This is Richard! Richard loves movies! In fact, he loves movies so much that he saved his money for 15 years to build his very own cinema in his house. Now, when you say that someone has a ‘home cinema’ people often think of a big screen tv and some good speakers. As you can see from these images… this is not your average ‘home cinema’. The cinema is fully equipped and professionally calibrated for the perfect viewing experience and has been featured in multiple magazines due to the high quality of every detail that has gone into creating this incredible space.
And now it’s the location for one of my portrait shoots!
I’ve been wanting to expand my portrait portfolio recently and focus on shooting some interesting subjects. I won’t go into too much detail about Richard and who he is and how he is lucky enough to get his picture taken by me haha but these portraits will eventually be part of a bigger portrait project that I’m working on so keep your eyes peeled but don’t hold your breath as it’s a long term project so it might be a while in the making.
Anyway, I was asked recently by one of the blog readers, to do a little bit more behind the scenes stuff and to also explain how some of the images are created. So I thought I would use these recent portraits and go into a little more detail about how they were done.
Having seen the cinema space before I knew exactly the sort of portrait that I was after and I had sketched out the idea to explain to Richard what I wanted. Excuse the awful sketch but I’ve included it because it’s a good example of achieving pretty much exactly what I had in my mind for the final shot. I’ve got lots of sketchbooks filled with random images I see in my head so when one comes to life, as it were, it’s always nice to compare the concept sketch and the finished piece.
The lighting set up for these portraits was pretty simple. When shooting on location I always try and look at what the lighting patterns would be naturally for that space. To mimic the projector I used an Elinchrom Ranger flash head, with a snoot modifier, placed directly behind the subject. The snoot modifier narrows the light down and creates a similar look to a projector.

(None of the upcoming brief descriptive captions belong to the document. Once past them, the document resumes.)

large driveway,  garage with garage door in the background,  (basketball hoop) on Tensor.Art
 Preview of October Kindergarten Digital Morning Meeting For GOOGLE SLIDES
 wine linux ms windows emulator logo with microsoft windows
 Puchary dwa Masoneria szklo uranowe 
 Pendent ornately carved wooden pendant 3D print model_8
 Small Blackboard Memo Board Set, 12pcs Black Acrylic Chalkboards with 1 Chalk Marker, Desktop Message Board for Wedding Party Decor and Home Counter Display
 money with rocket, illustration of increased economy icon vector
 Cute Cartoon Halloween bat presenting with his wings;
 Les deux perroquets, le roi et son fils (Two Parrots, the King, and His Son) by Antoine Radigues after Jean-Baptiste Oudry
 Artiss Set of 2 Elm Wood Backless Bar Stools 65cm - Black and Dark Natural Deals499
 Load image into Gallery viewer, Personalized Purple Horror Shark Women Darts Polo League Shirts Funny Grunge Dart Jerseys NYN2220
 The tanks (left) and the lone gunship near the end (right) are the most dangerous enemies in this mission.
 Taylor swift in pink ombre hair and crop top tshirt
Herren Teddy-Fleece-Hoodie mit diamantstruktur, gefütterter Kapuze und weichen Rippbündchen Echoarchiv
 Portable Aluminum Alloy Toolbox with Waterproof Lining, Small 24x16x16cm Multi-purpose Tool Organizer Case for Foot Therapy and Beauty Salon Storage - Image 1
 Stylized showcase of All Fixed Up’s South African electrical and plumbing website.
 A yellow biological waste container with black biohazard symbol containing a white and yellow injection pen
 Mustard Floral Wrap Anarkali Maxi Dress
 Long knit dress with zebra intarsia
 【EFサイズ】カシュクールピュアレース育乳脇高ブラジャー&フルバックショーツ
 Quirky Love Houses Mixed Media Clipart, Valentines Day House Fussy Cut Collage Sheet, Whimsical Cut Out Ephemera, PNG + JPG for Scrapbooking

I played with the height of the light to achieve the flare as well as the highlight on the back of the subjects head. For the front light, that would mimic the cinema screen, I used another Elinchrom flash head modified with a long softbox placed centrally above the camera position and directly in line with Richard on a boom arm. The lighting was set and I asked Richard to change into his tuxedo.
Once in his tuxedo, Richard lost some of the natural inhibitions most people get when a camera is in front of them and really got into it. I think there were some delusions of perhaps becoming the new James Bond or some sort of movie villain/hardman (image below)! Whatever it was I couldn’t have been happier with the results. So much so that the shots are already on the website in the portraits section. I hope you like them as much as I do!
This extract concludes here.